Peter said:
Thanks steep ...
... here is an attempt (which I fear is a bit rough around the edges ...)To show $$\sum x_n$$ is convergent using the Cauchy Criterion (for the sequence of partial sums ...) we need to show ... ...... that for each $$\epsilon \gt 0 \ \exists$$ an integer N such that $$\ \forall \ m, n \geq N$$ we have $$\mid s_m - s_n \mid \lt \epsilon$$ ... ...Assume $$m \gt n$$ ... then ...$$\mid s_m - s_n \mid \ = \ \left\vert \ \sum_{ k= n + 1 }^m x_k \ \right\vert $$ $$\Longrightarrow \mid s_m - s_n \mid \ \leq \ \sum_{ k= n + 1 }^m \mid x_k \mid$$ ( I think this step is correct... ... maybe this was the time to use Triangle Inequality ? )$$\Longrightarrow \mid s_m - s_n \mid \ \leq \ \sum_{ k= n + 1 }^m c_n \text{ for } n \geq N_0$$ $$\Longrightarrow \mid s_m - s_n \mid \ \lt \ \epsilon$$ since $$\sum c_n$$ is convergent ( and hence $\displaystyle\lim_{ n \to \infty} c_n = 0 )$
I am very dubious that above is correct as I didn't use the triangle inequality ... which is supposedly necessary ...
Peter
You
did use triangle inequality, on the second line where you wrote "I think this step is correct..." that is precisely the triangle inequality.

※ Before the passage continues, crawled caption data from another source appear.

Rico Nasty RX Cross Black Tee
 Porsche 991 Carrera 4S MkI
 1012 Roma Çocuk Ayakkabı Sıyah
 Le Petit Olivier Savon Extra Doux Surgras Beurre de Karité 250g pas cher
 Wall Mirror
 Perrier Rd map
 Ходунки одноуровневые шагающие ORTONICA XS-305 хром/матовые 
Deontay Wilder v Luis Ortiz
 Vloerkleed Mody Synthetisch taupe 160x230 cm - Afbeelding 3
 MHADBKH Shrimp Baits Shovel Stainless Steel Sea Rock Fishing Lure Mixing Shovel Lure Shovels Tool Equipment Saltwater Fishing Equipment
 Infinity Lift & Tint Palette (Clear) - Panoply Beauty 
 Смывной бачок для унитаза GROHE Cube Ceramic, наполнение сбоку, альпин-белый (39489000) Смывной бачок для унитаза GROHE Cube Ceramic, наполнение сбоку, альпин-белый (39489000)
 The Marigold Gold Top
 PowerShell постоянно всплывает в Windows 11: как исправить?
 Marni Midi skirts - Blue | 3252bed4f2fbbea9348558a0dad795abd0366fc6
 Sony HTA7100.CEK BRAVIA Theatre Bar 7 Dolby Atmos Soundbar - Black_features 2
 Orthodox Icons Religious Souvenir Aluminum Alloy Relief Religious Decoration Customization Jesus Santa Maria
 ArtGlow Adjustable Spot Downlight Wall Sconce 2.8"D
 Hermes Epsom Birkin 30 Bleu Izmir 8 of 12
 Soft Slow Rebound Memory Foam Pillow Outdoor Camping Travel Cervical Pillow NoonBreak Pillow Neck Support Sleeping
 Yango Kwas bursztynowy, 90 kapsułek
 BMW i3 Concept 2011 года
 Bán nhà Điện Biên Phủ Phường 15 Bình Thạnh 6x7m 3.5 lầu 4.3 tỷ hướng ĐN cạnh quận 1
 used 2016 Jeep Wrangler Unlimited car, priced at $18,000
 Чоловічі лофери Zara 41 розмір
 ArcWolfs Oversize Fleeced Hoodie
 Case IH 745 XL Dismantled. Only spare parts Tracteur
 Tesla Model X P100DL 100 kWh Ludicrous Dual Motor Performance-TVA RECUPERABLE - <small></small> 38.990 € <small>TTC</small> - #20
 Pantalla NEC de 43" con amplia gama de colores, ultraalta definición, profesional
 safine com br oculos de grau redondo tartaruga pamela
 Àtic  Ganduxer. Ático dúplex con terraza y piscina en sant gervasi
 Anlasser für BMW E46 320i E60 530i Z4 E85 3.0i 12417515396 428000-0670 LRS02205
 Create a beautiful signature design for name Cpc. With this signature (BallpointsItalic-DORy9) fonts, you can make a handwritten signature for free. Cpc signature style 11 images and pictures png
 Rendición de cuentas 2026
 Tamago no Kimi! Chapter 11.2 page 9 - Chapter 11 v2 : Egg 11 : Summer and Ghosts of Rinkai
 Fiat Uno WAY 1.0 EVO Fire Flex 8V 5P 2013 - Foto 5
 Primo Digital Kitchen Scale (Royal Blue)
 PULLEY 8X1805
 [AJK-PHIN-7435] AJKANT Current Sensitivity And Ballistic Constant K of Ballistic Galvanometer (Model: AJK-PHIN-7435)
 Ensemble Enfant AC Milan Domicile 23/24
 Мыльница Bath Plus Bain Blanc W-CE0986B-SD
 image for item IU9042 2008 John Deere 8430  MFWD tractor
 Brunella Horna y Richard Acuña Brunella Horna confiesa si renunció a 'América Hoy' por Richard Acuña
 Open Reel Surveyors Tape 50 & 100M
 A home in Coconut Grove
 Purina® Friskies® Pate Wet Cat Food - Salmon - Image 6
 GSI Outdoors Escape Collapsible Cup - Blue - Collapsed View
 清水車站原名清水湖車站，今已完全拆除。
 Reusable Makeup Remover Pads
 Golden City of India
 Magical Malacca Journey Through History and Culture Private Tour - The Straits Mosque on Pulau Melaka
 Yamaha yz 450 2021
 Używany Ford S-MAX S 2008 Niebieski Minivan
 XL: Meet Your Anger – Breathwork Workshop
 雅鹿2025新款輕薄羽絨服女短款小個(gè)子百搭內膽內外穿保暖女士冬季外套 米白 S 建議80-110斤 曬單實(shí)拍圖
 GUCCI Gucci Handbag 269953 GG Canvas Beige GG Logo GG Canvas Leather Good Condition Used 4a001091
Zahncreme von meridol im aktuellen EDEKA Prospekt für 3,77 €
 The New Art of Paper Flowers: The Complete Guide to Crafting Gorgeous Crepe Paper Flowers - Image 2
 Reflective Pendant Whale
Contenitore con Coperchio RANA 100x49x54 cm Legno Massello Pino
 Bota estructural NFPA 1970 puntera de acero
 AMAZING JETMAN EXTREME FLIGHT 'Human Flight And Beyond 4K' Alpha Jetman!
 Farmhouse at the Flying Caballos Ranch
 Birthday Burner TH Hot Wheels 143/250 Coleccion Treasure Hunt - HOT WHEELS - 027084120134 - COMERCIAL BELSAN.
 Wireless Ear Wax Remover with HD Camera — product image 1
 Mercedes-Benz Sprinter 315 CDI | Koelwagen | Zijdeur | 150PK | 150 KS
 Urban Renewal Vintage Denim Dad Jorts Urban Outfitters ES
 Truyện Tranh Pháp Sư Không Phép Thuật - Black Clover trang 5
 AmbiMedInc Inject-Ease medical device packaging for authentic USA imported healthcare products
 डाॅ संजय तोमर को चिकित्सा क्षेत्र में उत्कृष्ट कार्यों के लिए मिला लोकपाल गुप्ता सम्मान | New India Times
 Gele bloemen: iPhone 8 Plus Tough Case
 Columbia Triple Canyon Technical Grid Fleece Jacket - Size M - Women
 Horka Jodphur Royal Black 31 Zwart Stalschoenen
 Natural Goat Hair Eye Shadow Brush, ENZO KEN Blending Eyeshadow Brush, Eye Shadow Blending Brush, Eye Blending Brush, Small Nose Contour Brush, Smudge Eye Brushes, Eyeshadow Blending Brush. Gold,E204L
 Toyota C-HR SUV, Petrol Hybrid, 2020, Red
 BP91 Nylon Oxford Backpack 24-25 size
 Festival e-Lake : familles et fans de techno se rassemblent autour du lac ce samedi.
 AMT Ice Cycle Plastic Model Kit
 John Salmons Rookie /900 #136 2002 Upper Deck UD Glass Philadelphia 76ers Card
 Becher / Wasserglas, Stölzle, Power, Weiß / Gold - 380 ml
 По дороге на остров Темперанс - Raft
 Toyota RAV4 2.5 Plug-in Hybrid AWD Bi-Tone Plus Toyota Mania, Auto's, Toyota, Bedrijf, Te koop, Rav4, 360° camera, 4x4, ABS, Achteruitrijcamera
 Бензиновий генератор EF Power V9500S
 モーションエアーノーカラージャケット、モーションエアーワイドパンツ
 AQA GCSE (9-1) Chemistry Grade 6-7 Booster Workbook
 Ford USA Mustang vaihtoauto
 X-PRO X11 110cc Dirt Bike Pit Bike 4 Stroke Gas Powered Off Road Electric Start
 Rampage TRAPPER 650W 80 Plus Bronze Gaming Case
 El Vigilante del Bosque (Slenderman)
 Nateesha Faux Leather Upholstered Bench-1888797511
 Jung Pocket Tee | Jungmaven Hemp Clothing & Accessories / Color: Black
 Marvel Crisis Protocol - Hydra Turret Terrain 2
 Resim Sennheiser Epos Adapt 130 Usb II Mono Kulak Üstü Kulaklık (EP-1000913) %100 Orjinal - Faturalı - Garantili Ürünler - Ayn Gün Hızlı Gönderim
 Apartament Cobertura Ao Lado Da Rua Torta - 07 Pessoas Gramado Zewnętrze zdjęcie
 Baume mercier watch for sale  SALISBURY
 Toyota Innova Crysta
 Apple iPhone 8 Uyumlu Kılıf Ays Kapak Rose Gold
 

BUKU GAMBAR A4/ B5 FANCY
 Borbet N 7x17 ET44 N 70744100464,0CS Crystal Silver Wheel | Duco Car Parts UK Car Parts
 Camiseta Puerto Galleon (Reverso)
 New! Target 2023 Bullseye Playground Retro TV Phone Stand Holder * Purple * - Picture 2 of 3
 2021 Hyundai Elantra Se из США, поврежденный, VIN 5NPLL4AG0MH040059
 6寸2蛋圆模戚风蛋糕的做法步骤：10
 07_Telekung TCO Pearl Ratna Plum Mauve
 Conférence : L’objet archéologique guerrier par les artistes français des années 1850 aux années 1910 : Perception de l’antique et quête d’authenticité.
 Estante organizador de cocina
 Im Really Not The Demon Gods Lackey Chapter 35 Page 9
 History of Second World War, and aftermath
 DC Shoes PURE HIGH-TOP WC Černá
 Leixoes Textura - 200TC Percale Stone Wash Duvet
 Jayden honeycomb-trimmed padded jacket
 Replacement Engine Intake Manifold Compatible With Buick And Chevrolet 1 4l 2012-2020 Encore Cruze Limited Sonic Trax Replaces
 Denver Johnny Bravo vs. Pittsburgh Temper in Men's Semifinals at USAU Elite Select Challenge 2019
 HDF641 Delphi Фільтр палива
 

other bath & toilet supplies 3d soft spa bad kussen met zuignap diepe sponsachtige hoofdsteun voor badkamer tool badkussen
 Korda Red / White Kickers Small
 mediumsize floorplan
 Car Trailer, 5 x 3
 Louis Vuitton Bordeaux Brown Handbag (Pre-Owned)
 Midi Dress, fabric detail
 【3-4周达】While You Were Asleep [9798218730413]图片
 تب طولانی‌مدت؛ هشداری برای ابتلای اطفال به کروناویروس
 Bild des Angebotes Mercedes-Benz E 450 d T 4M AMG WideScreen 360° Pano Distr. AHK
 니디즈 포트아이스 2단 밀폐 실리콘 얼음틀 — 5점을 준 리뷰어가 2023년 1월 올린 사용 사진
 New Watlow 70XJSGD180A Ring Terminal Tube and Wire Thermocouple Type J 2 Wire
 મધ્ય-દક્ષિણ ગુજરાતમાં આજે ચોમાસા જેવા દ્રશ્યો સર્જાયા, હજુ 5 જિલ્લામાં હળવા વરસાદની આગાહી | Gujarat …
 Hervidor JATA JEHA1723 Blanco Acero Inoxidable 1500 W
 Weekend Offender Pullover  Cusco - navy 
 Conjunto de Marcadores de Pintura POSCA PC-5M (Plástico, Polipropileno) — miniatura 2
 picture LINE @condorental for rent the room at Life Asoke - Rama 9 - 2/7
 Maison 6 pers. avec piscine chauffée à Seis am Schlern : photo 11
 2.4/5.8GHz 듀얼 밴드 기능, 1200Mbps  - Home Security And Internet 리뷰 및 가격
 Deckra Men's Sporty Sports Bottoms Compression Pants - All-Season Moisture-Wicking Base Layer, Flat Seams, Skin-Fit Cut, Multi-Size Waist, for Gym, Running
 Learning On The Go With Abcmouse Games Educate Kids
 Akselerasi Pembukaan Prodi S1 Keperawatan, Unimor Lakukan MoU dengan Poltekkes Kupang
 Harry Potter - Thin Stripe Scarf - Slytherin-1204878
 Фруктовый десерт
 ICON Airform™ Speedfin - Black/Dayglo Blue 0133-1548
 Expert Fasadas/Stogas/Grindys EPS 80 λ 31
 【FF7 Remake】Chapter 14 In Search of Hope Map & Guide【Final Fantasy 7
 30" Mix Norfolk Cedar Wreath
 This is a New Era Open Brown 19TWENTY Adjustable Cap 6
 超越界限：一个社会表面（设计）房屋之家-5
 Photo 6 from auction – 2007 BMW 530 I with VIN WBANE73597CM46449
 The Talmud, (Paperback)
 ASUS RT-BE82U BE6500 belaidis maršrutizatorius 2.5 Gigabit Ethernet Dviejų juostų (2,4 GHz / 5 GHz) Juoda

if it helps, you can re-write it in vector algebra as
$\left\vert \ \sum_{ k= n + 1 }^m x_k \ \right\vert$
$ = \big \Vert \mathbf x_{n+1} + \mathbf x_{n+2} + ... + \mathbf x_m \big \Vert_1$
$ \leq \big \Vert \mathbf x_{n+1}\big \Vert_1 + \big \Vert \mathbf x_{n+2} \big \Vert_1 + ... + \big \Vert \mathbf x_m \big \Vert_1 $
$= \sum_{ k= n + 1 }^m \mid x_k \mid $
where $\mathbf x_k = x_k \cdot \mathbf e_1$ (the 1st standard basis vector in say $\mathbb C^2$). Writing it out like this isn't needed but, may make it more obvious that you are applying triangle inequality. = = = =
so taking what you have, I suppose I'd write it as $$\mid s_m - s_n \mid \ $$
$$ = \ \left\vert \ \sum_{ k= n + 1 }^m x_k \ \right\vert $$
$$ \leq \ \sum_{ k= n + 1 }^m \mid x_k \mid$$
$$= \sum_{ k= n + 1 }^m c_n $$
$$\lt \ \epsilon$$
i.e. we know the partial sums for $c_n$ are Cauchy Sequences because the we know the series involving $c_n$ converges to a finite limit (and one implies the other in single variable analysis).
= = = =
edit:
one word of caution -- I didn't follow why you said
$$\sum c_n$$ is convergent ( and hence $\displaystyle\lim_{ n \to \infty} c_n = 0 )$
and in particular that $c_n \to 0$
The point really is that $c_n \to 0$ rapidly -- i.e. the series converges and hence the sequences of partial sums involving $c_n$ are Cauchy.